Thank you for your software. I found it from your reply here.

I am currently trying to use vcfcomp to test concordance between some imputed genotypes and their original genotypes using the following script:
library(vcfppR)
res <- vcfcomp(test = "x.vcf.gz", truth = "y.vcf.gz", region="z|z", af="af.tsv", stats = "r2")
str(res)
write.table(res, file = "concordance", sep = "\t", col.names = T, row.names = T, quote = FALSE)

I used vcftools --freq to output the allele frequency for af.tsv.

However, this returns a dataframe fulls of NAs:

str(res)
List of 2
$ samples: chr [1:25] "/fastdata/bop21kgl/RawData/LIMS26076p5/Clean_aligned/418-2054_221014_L003__all_mapped_rehead.bam" "/fastdata/bop21$
$ r2 : logi [1, 1:17] NA NA NA NA NA NA ...
..- attr(*, "dimnames")=List of 2
.. ..$ : NULL
.. ..$ : chr [1:17] "(0,1e-05]" "(1e-05,2e-05]" "(2e-05,5e-05]" "(5e-05,0.0001]" ...
write.table(res, file = "concordance", sep = "\t", col.names = T, row.names = T, quote = FALSE)

proc.time()
user system elapsed
190.199 5.955 196.606

Do you have a suggestion of where this is going wrong?

Hi Kiran,

I think the input region is not valid, which should be in the form of chr:start-end, or just chr.

I'll add validators for the input in next release. Thanks for the feedback.

Also make sure the af.tsv is valid, which should have a header line and five columns. If the af is calculated from the truth file, you can just make vcfcomp doing the job by ignoring the af option ie af=NULL

Thank you so much for our email discussion troubleshooting my NAs.
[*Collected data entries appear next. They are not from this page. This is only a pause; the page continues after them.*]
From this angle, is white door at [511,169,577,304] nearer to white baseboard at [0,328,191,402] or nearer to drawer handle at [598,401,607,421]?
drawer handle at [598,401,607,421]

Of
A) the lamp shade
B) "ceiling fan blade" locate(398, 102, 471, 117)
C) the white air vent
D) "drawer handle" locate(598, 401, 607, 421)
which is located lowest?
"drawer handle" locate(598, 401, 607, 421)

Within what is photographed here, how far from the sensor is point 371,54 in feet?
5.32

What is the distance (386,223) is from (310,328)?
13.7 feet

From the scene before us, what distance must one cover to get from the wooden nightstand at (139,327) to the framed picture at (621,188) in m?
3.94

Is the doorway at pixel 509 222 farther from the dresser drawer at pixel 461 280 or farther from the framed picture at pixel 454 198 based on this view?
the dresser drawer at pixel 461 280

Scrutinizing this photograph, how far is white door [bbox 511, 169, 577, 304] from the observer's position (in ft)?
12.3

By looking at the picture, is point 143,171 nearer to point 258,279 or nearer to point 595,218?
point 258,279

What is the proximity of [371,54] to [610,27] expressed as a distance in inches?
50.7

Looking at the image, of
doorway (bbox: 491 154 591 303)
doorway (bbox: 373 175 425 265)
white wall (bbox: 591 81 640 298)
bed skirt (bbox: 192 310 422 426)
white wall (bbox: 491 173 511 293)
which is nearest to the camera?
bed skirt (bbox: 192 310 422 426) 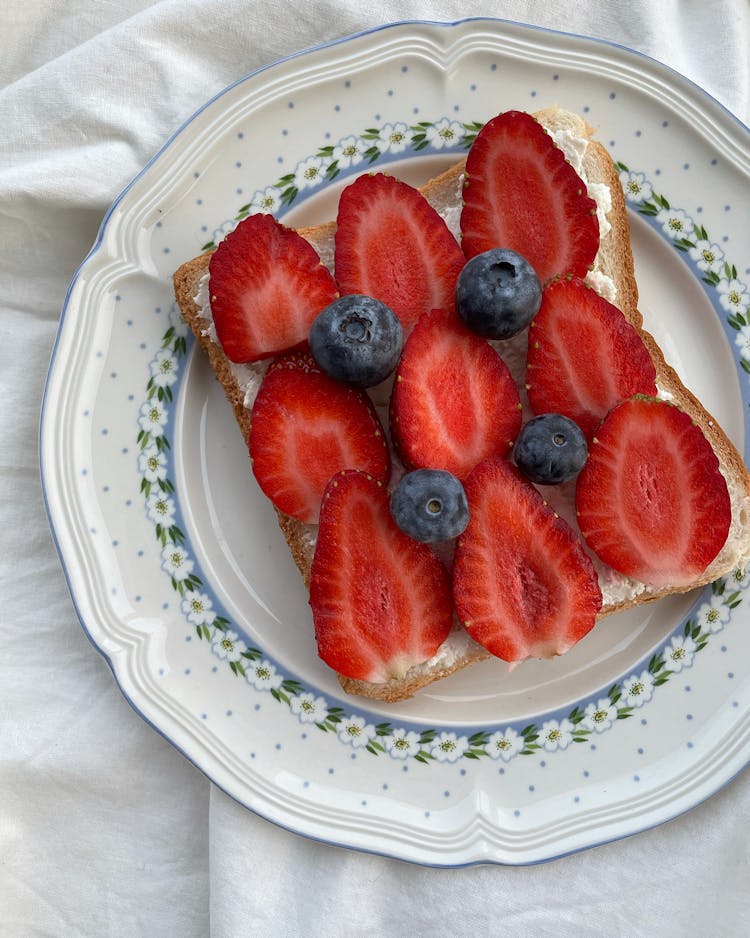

We realised this was due to missing genotypes in the "truth" vcf file. Removing missing genotypes in the "truth" dataset beforehand produced a sensible r2 value. This was the script used:

library(vcfppR)

truth <- vcftable("x.vcf.gz", setid = T, info = F)
test <- vcftable("y.vcf.gz", setid = T, format = "DS", info = F)

N <- 22 ### number of samples is 22
truth$gt <- truth$gt[,1:N]
truth$samples <- test$samples[1:N]

remove sites with genotypes being NA in truth

w <- which(!is.na(rowSums(truth$gt)))
truth$gt <- truth$gt[w,]
truth[2:9] <- lapply(truth[2:9], function(a) a[w])
saveRDS(truth, file = "truth.rds")

names <- truth$samples[1:22]
samples <- paste0(names, collapse = ",")

res <- vcfcomp(test = "y.vcf.gz" ,
truth = "truth.rds",
stats = "r2",
names = names,
samples = samples,
bins = c(0,1))

str(res)
res